Word Sense Disambiguation for Wolaita Language Using Machine Learning Approach
Loading...
Date
Authors
Journal Title
Journal ISSN
Volume Title
Publisher
ASTU
Abstract
The amount of data accessible online has been increasing and the need for Natural Language
Processing significantly increasing to access and process this data. However, ambiguity
problems have faced the difficulties for Natural Language Processing. As human beings,
computers can’t understand one word in different way. As solution to this, Word Sense
Disambiguation models developed for many languages to address the problem of lexical
ambiguity. For the Wolaita language, there are also a lot of polysemy words and these can be
the cause of difficulties for Natural Language processing applications developed by previous
researchers. Therefore, Word Sense Disambiguation Model for Wolaita language using a
machine learning approach was proposed. To conduct the research, a total of 2797 sense
examples were collected from Holy Bible, academic books, media agencies (Sport, Health,
Business and national and international News), and data from prior researchers.
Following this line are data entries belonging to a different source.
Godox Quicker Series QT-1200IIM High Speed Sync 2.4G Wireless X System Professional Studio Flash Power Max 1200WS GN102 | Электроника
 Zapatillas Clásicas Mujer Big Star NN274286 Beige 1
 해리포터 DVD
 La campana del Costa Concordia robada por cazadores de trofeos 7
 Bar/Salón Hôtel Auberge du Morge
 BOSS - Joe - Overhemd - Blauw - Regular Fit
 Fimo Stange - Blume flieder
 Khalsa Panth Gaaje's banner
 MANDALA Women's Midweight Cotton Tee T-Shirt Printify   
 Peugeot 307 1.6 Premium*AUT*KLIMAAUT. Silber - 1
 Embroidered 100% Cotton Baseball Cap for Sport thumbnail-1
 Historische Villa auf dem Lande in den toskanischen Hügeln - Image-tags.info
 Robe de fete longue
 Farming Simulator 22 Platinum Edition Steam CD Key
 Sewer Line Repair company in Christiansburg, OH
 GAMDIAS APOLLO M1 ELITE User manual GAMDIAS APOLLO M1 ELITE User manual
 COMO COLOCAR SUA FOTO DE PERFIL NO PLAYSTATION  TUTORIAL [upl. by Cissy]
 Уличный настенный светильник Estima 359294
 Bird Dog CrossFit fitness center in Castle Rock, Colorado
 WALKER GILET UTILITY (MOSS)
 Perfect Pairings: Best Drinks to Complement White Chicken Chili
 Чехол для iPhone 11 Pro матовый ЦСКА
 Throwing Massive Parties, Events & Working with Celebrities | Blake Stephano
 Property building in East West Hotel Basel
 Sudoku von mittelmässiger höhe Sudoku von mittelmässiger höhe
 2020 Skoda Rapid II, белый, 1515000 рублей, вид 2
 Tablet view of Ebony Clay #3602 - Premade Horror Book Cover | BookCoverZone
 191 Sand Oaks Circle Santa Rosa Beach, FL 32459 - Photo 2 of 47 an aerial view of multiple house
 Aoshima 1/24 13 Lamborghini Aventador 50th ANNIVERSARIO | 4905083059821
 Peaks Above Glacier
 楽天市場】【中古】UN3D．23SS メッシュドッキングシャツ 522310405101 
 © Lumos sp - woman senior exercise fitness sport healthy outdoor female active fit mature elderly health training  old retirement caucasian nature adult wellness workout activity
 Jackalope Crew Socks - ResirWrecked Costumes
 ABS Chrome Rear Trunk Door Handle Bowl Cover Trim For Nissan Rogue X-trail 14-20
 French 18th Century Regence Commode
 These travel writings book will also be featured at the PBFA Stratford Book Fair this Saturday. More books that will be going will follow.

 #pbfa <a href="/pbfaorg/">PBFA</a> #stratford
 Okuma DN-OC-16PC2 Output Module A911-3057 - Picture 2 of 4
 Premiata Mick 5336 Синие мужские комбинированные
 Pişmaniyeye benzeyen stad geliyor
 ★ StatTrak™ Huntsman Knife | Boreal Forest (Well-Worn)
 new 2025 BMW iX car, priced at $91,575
The collected
data was annotated by the language experts and then five datasets prepared for five ambiguous
words such as “Doona”, “Ayfiya”, “Aadhdha”, “Naaga” and “Ogiya”. We employed
quantitative experimental research approach to determine the best combination of the machine
learning algorithms and features extraction techniques. Support Vector Classifier , Bagging,
Random Forest Classifier, and AdaBoost classifier with BOW, TF-IDF and Wor2Vec feature
extraction techniques selected and trained using five datasets on six-window sizes (WS3, WS5,
WS7, WS9, WS11 and WS13). From the six window sizes, WS11 (5-5) was selected as the optimal
window size in terms of accuracy and the computational time it costs. Among four algorithms,
Support Vector Classifier and Bagging classifiers with TF-IDF achieved accuracy of 83.22%
and 82.82 % respectively on WS11 (5-5) using 10-fold cross-validation.